Red Fox Adventure Race, Russia

, May 9, 2015

Head 100 miles east of St. Petersburg and you stumble across Onega Lake in the Karelia region of north-east Russia. Suitably wild and rugged, this corner of the country hosts the Red Fox Adventure Race in mid-June, a multi-sport event that covers over 300km during its course.

The race consists of three loops; a 190km mountain bike, 100km of paddling, a 55km trek/run stage and, yes, a 100m crawling stage through mud, brush and water (officially spelunking). The mountain bike route is stated to be generally flat with hard surfaces, just a warm-up before heading into the two-seater kayaks to tackle the paddling leg. The race has been divided into a ‘short’ 48-hour version (teams of two or four) and a ‘long’ 72-hour version (teams of four).

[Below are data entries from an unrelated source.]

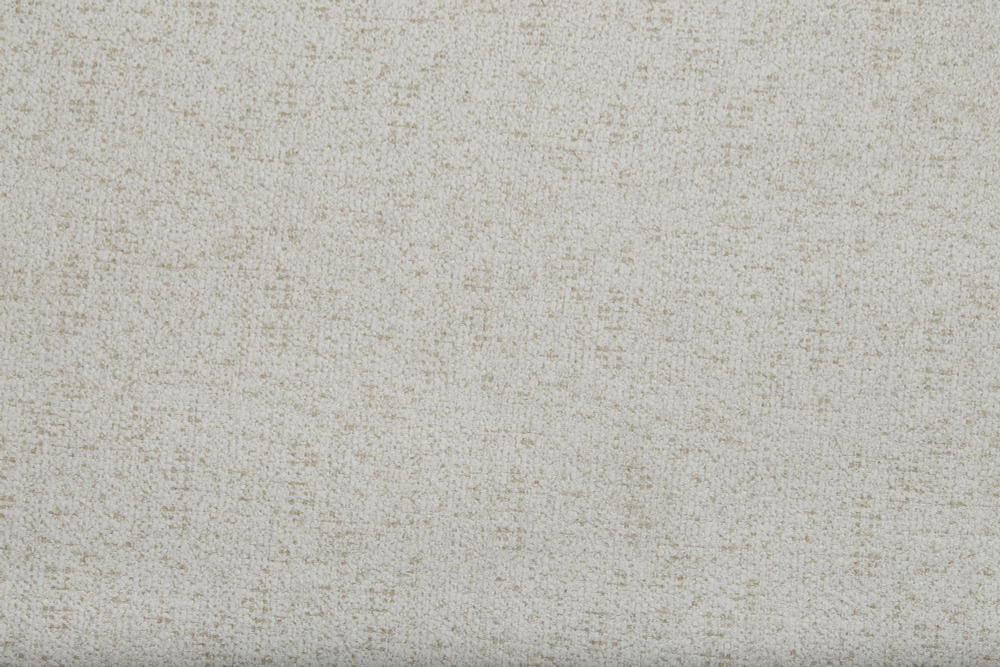 Микровелюр Macan milk (Макан милк) 09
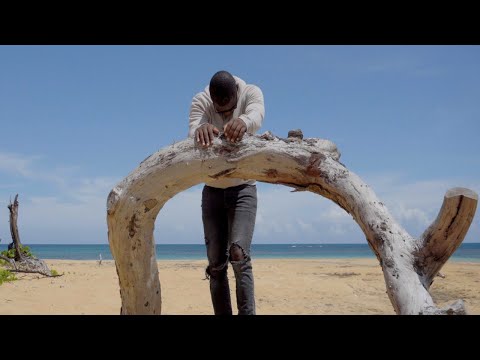 TISS SOLO feat. COSTY JAY - "Lew Ale" official VIDEO!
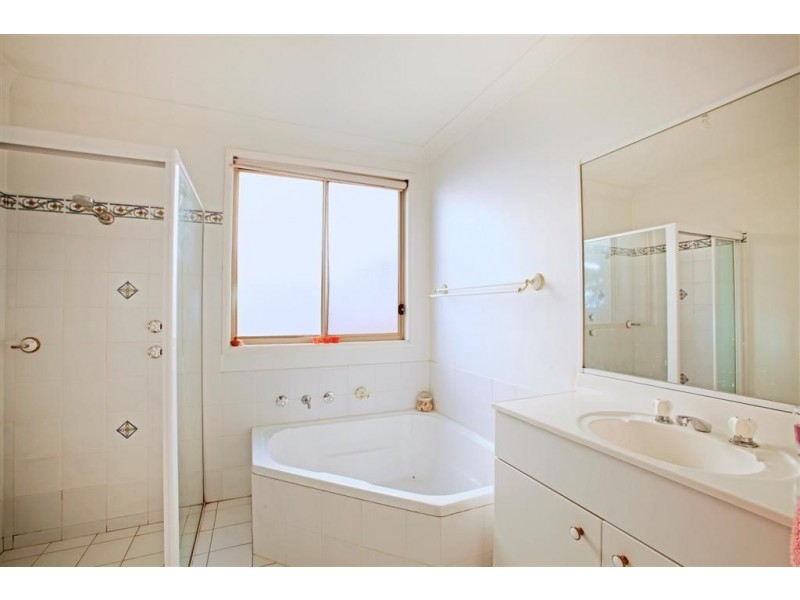 7 Albury Court, Harrington Park NSW 2567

By comparison, the trekking stage sounds considerably more gnarly. Some stones are covered by moss, slippery even in dry weather and, race organisers make it clear ‘One can meet big wild animals in the forest: elks, boars, bears’ (literature is recommended). During the trek there are also some fixed rope stages, requiring climbing skills, but no specialist footwear. Spelunking completes challenge, at which point elbow and knee pads are donned by all. As if this wasn’t enough, the RFAR reserves the right to introduce a secret stage, which will be announced at the opening ceremony.

Temperatures can dip to near freezing at night, with surface water below 10 degrees celsius, perfect testing ground for Polartec, who will have sponsored the first-ever all female team and a team over from the States, the first in five years no doubt.

The American team is comprised of a highly qualified set of athletes, three from Colorado and one from Putney, Vermont. Jimi Alida-Klopson, manager of the first Red Fox store in the US captains the team. Kathy Wickum used to ride mountain bikes professionally, and has diversified in recent years with Nordic skiing and trail running out of Longmont, Colorado. The third racer from Colorado is Shawnie Mulligan, endurance runner and mountain biker, while fourth athlete Amy Caldwell raced triathlon professionally, a career that balances an All-American status in cross-country skiing.